Method 2: Using Wappalyzer (Browser Extension)

Wappalyzer is a browser extension for Chrome and Firefox that identifies technologies based on:

  • HTTP headers
  • HTML metadata
  • JavaScript variables or global objects
  • Webpack chunk content
  • Service Workers and PWA info

How to Use:

  1. Install Wappalyzer Extension
  2. Visit your target web app (e.g., https://your-target-domain.com)
  3. Click the extension icon to view identified tech

What It Can Reveal:

  • Frontend Framework (React, Vue, Angular)
  • JavaScript Libraries (jQuery, Lodash)
  • CMS (Drupal, Joomla)
  • PWA detection
  • Analytics tools (Google Analytics, Facebook Pixel)

It even detects version numbers, especially from Webpack chunk files (like vendor.js).


How to Hide or Obfuscate Your Stack

Here are key strategies to minimize your OSINT exposure:

1. Strip Headers in Nginx

nginx
server {
    location / {
        proxy_hide_header X-Powered-By;
        proxy_hide_header Server;
        more_clear_headers 'X-Powered-By' 'Server' 'X-Generator';
    }
    add_header Server "hidden";
}

Requires ngx_headers_more module for more_clear_headers.


2. Avoid Obvious JS File Names

Instead of vendor-react-router.js:

js
// Vite config
build: {
  rollupOptions: {
    output: {
      chunkFileNames: 'assets/[hash].js',
      entryFileNames: 'assets/[hash].js',
    }
  }
}

3. Use Obfuscation Plugins

For Vite/React:

bash
npm install vite-plugin-obfuscator --save-dev
ts
// vite.config.ts
import obfuscator from 'vite-plugin-obfuscator';

export default defineConfig({
  plugins: [obfuscator({
    controlFlowFlattening: true,
    stringArray: true,
    stringArrayEncoding: ['rc4'],
  })]
});

4. Hide React Router Version

Check for strings like "react-router-dom": "6.22.0" in your bundles.
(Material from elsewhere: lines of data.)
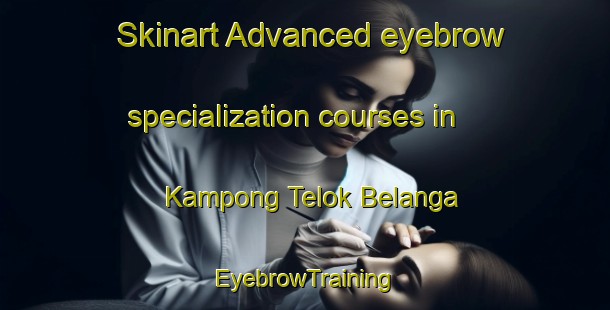 Skinart Advanced eyebrow specialization courses in Kampong Telok Belanga | EyebrowTraining | EyebrowClasses | SkinartTraining-Malaysia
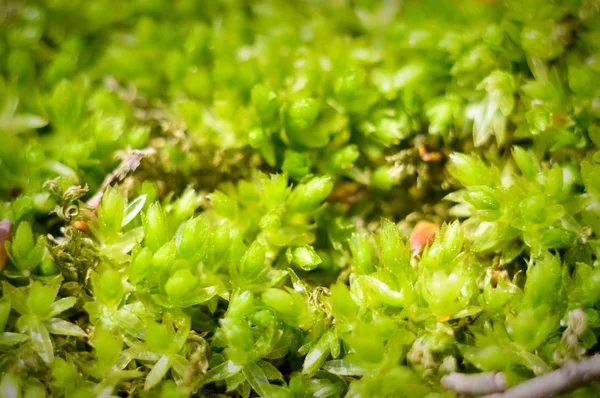 Växter För Naturliga Bakgrund Natur Serien — Stockfoto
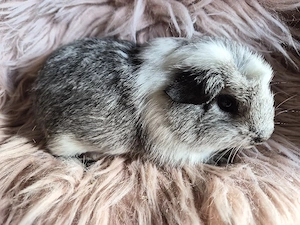 Süße Meerschweinchen  Jungs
If found:

ts
define: {
  '__REACT_ROUTER_VERSION__': '"-"',
}

Or strip with obfuscation plugins.


Conclusion

Performing OSINT using tools like WhatWeb or Wappalyzer is simple, fast, and often the first step attackers use in real-world intrusion attempts. If your web application leaks technology details and version numbers:

  • You’re giving away too much without a fight.
  • It makes automated vulnerability mapping easy.
  • It weakens your overall security posture.

Take the time to strip headers, obfuscate code, and rename public JS files. These simple steps can significantly reduce your web application's attack surface.